Bavarian Brewing Company was a brewery established in Covington, Kentucky, in 1866 by Julius Deglow, but became known as the Bavarian Brewery around 1870. The brewery was originally located on Pike Street, but expanded to 12th Street within a decade. After John Meyer acquired the brewery in 1881, he sold an interest to William Riedlin in 1882. The company operated under the proprietorship of Meyer & Riedlin starting in 1884, before becoming incorporated as the Bavarian Brewery Co. in 1889 by William Riedlin. The company was family owned until it was acquired by International Breweries, Inc.(IBI) in 1959. However, it operated as the Bavarian Division of IBI and continued to produce its flagship beer, Bavarian's, until the facility closed in 1966. The property was placed on the National Register of Historic Places and renovated as a multipurpose complex for food, beverage and entertainment uses in 1996. It operated as the Brew Works at the Party Source and Jillian's, but closed in 2006. The former structure containing the Brew and Mill Houses, built in 1911, was repurposed into office space becoming part of the Kenton County Government Center, opening in 2019. This office complex has a Bavarian Brewery Exhibit and it is accompanied by a Bavarian Brewery (United States) website.

==Early history==
After the brewery was established as DeGlow & Co., new ownership interests within just a couple of years resulted in several change to its name beginning in 1868, including DeGlow, Best & Renner. However, around 1870, it was established as the Bavarian Brewery Co. Over the next several years the brewery normally operated under this name, but ownership interests varied. John Meyer obtained controlling interest in the brewery in 1881. Then in 1882, a German immigrant named William Riedlin, who established a saloon and beer hall called Tivoli Hall in the Over-the-Rhine area of Cincinnati, entered into partnership with John Meyer. It operated as the Meyer-Riedlin Brewery beginning in 1884. Then, in 1889, the brewery was incorporated into the Bavarian Brewing Co., Inc., with William Riedlin becoming the President. A couple years later, Riedlin acquired John Meyer's ownership interest. Besides Bavarian Beer, the company also offered Riedlin Select Beer and Riedlin Blue Ribbon Beer. A large number of changes were made to the facility during Riedlin's tenure.
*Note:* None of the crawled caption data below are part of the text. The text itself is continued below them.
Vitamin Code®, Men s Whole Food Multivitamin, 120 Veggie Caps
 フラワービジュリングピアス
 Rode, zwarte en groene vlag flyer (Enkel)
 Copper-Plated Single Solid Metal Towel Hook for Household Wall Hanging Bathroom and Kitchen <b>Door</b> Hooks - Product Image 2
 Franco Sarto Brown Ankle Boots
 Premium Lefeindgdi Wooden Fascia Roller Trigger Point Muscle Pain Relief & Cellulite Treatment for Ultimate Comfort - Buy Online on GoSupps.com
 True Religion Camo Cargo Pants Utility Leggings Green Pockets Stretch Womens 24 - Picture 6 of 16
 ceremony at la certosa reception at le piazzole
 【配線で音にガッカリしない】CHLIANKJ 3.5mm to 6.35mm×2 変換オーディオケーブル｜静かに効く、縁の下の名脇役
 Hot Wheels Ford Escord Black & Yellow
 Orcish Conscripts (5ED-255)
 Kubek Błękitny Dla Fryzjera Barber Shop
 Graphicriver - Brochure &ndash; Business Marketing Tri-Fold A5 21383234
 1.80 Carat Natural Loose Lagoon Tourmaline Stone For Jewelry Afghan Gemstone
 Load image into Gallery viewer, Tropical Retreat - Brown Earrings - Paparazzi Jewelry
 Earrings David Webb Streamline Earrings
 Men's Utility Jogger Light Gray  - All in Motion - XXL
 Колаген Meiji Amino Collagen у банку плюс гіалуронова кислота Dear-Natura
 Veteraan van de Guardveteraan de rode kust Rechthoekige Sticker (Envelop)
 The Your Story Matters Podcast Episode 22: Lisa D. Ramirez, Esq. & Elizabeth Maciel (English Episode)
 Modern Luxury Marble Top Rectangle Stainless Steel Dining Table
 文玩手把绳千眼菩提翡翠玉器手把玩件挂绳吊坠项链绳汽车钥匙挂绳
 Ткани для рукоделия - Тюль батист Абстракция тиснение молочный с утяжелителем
The brewery began in a building on Pike Street and its site also included two ice ponds, ice houses, lager cellars and various sheds. The brewery expanded to 12th Street, and within a couple decades had added new wagon sheds, a Malt House, a Brew House and a Boiler House. After the brewery incorporated, new construction included a new bottling plant in 1892, which took advantage of important bottling innovations including the crown bottle cap and pasteurization, which increased the shelf life of beer. This enabled beer to be distributed to a much wider area. A new Ice Plant was also built producing 100,000 pounds of ice daily. Ice was used in the lager fermentation process before refrigeration became available. It was also sold to the public and provided at no cost to saloons in exchange for selling Bavarian beverages. In the mid-1890s new stables, a Boiler House and an Engine Room were added. Starting around 1900, a new Ice Plant, manufacturing 200,000 pounds of ice daily, was built, as was a new Stock House. By 1913, the Boiler House, the Tall Stack, Engine Room, Brew/Mill Houses, Bottling Plant and Office Building had all been replaced and an addition was built onto the Stock House. By 1914, the brewery complex had evolved into a state of the art brewery facility comprising a total land area of six and one-half-acres. The annual beer production was 215,000 barrels, increasing from only 7,341 barrels in 1870, and the Bavarian Brewing Co. became the largest brewery in Kentucky.

Beer production in Kentucky was abruptly halted at the end of November, 1918, but the storage and sale of beer was permitted into mid 1919, even though Prohibition didn't officially begin until several months later. To prevent a complete closure of the brewery, arrangements were made to bottle non-alcoholic beverages under the name of the William Riedlin Beverage Company. However, William Riedlin died in early 1919. His son, William Riedlin Jr., died within only a couple weeks after his father. He had been a Vice President of the brewery and wasbriefly in charge of the company. Shortly after the deaths of the father and son, the brewery property produced near-beer, non-alcoholic beverages and malt extract. By the mid-1920s the buildings were closed and all the brewery equipment was liquidated.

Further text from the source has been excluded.